Cortazar came to prominence in this country with the other "Boom"-era (1950s-1970s) Latin American novelists (Garcia Marquez, Fuentes, Vargas Llosa, Rulfo, Amado, Sabato, etc.). But in sensibility he is rather different from them--more European than American (as in the Americas) in his orientation. Strange things happen in Cortazar's novels, but they are less magical-realist odd and more metaphysically odd. In that regard, then, he more overtly resembles his fellow Argentine Jorge Luis Borges (whose own birthday was 2 days ago) than are the other "Boom" writers.
If you don't yet know Cortazar's work, you should, lest this fate, described by Pablo Neruda, befall you:
Anyone who does not read Cortazar is doomed. Not to read him is a serious invisible disease which in time can have terrible consequences. Something similar to a man who has never tasted peaches. He would quietly become sadder . . . and, probably, little by little, he would lose his hair.
Heaven forbid, eh?
Hopscotch is one of the classics of the postmodern novel and so is a Must Read (at least) if you are interested in such things. Any collection of his short stories is well worth browsing the half-price stores for, but I can recommend very highly We Love Glenda So Much and A Change of Light. In story after story, what Cortazar is after, and beautifully achieves in spades, is Atmosphere of a brooding, even despairing sort; these are meditations, many of them, on how the existential Self gets ignored by others in favor of an Image others have envisaged: the Postmodern Condition of the individual. And then there is the very intriguing "collage book" (his term for it) Around the Day in Eighty Worlds: a collection of poems, fiction, essays and reviews, accompanied by photographs, some taken by Cortazar himself.

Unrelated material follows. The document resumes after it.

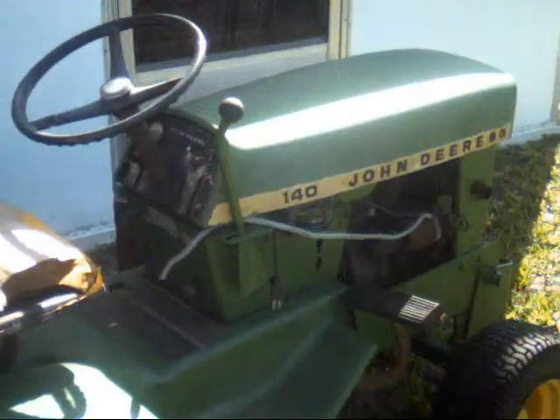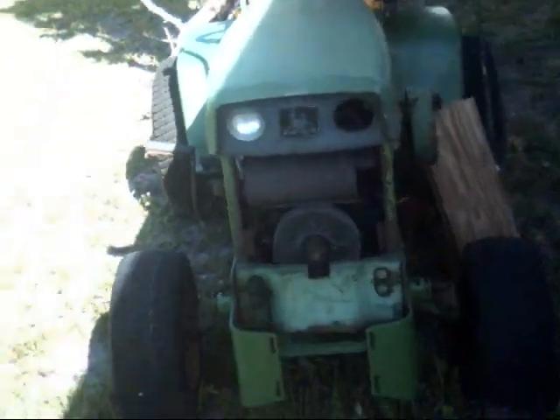John Deere 140. Tried to start it, but the battery is too dead. Still got to get a grill for it.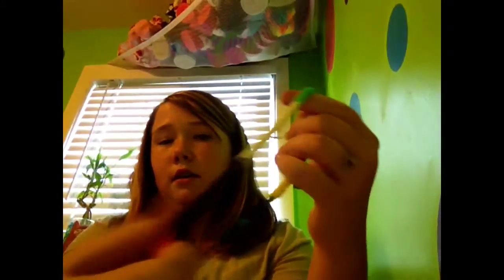Here is my first fishtail. It's pretty bad because it was the first one I've ever made. Here is one of the barefoot sandals that I made for my mom — I lost the other one.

Fun fact: He owned a cat named Theodore Adorno.
I hope you'll have a look for his work. You will thank me later.
Technorati tags:
Books, Latin American literature, Julio Cortazar
2 comments:
Feliz cumpleaƱos al Gran Cronopio!
I must agree with Mr. Meridian, Hopscotch is a most read.
Greetings
This post is enlightening. I didn't know much about Cortazar's background. Thanks, John!
Also, sounds like I may have to get a copy of Hopscotch.